═══ Recorded data

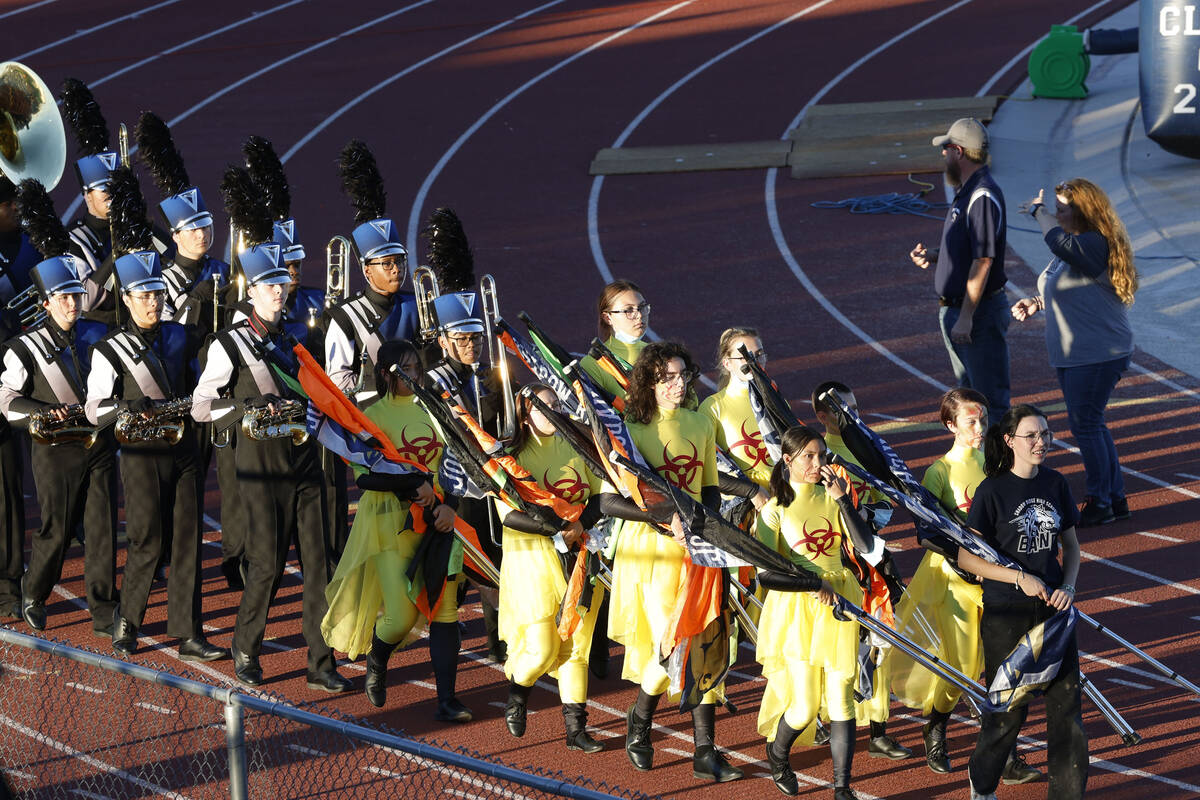 Shadow Ridge High School marching band members perform before a football game against Coronado, ...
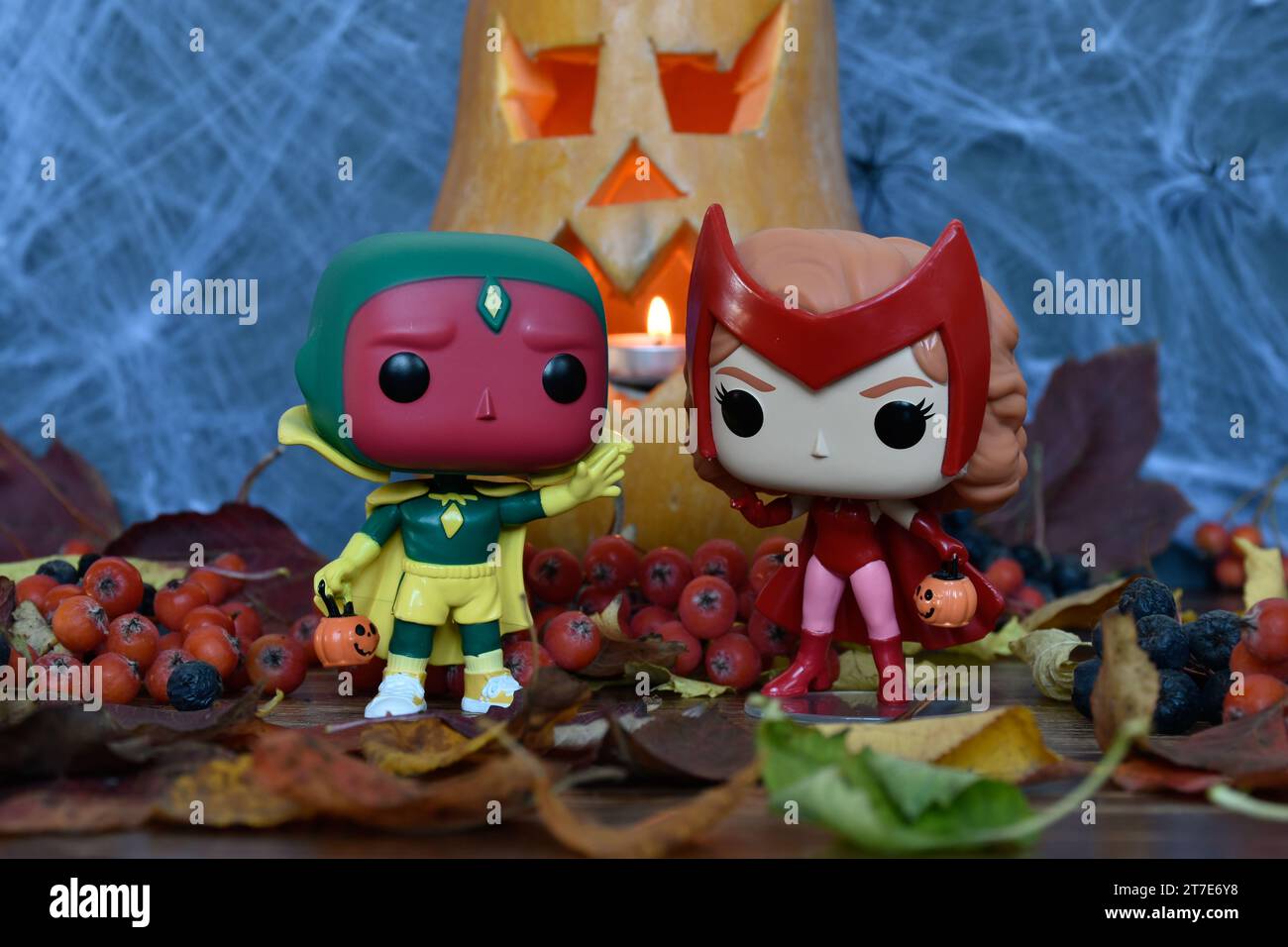 Funko Pop action figure dei supereroi Marvel Avengers Vision e Scarlet Witch Wanda in costumi di Halloween. Jack o lanterna, ragnatela, foglie cadenti. Foto Stock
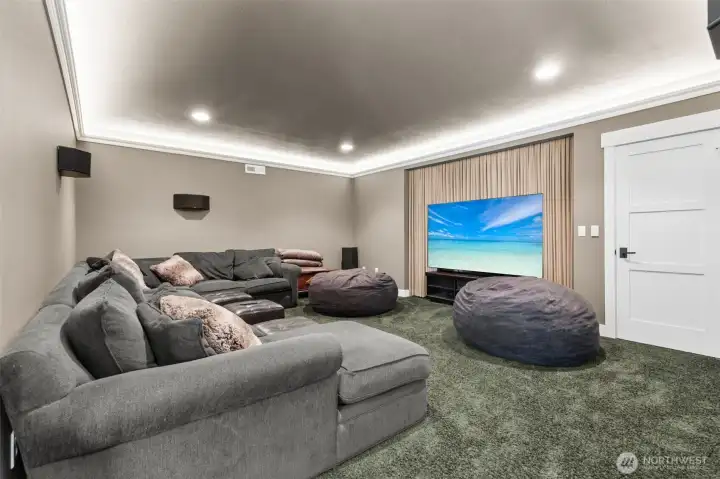 A proper movie room, not an afterthought. Tucked away in the basement, this space is all about comfort and relaxation. The soft carpeting underfoot and subtle LED crown lighting set the tone without overdoing it, while the recessed screen area keeps the setup streamlined and polished. There’s room here for real seating, not just squeezing onto a couch, so everyone gets a good spot. Whether it’s movies, game day, or a binge-watch situation, this room is ready for it.  There is even extra storage space in the closet seen straight ahead.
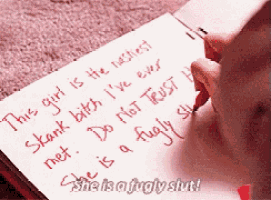 a person is writing on a piece of paper that says this girl is the nastiest shank bitch i 've ever met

══════

> _The task_
Retype all the data exactly; skip the pictures.

> _Written answer_
 Shadow Ridge High School marching band members perform before a football game against Coronado, ...
 Funko Pop action figure dei supereroi Marvel Avengers Vision e Scarlet Witch Wanda in costumi di Halloween. Jack o lanterna, ragnatela, foglie cadenti. Foto Stock
 A proper movie room, not an afterthought. Tucked away in the basement, this space is all about comfort and relaxation. The soft carpeting underfoot and subtle LED crown lighting set the tone without overdoing it, while the recessed screen area keeps the setup streamlined and polished. There’s room here for real seating, not just squeezing onto a couch, so everyone gets a good spot. Whether it’s movies, game day, or a binge-watch situation, this room is ready for it.  There is even extra storage space in the closet seen straight ahead.
 a person is writing on a piece of paper that says this girl is the nastiest shank bitch i 've ever met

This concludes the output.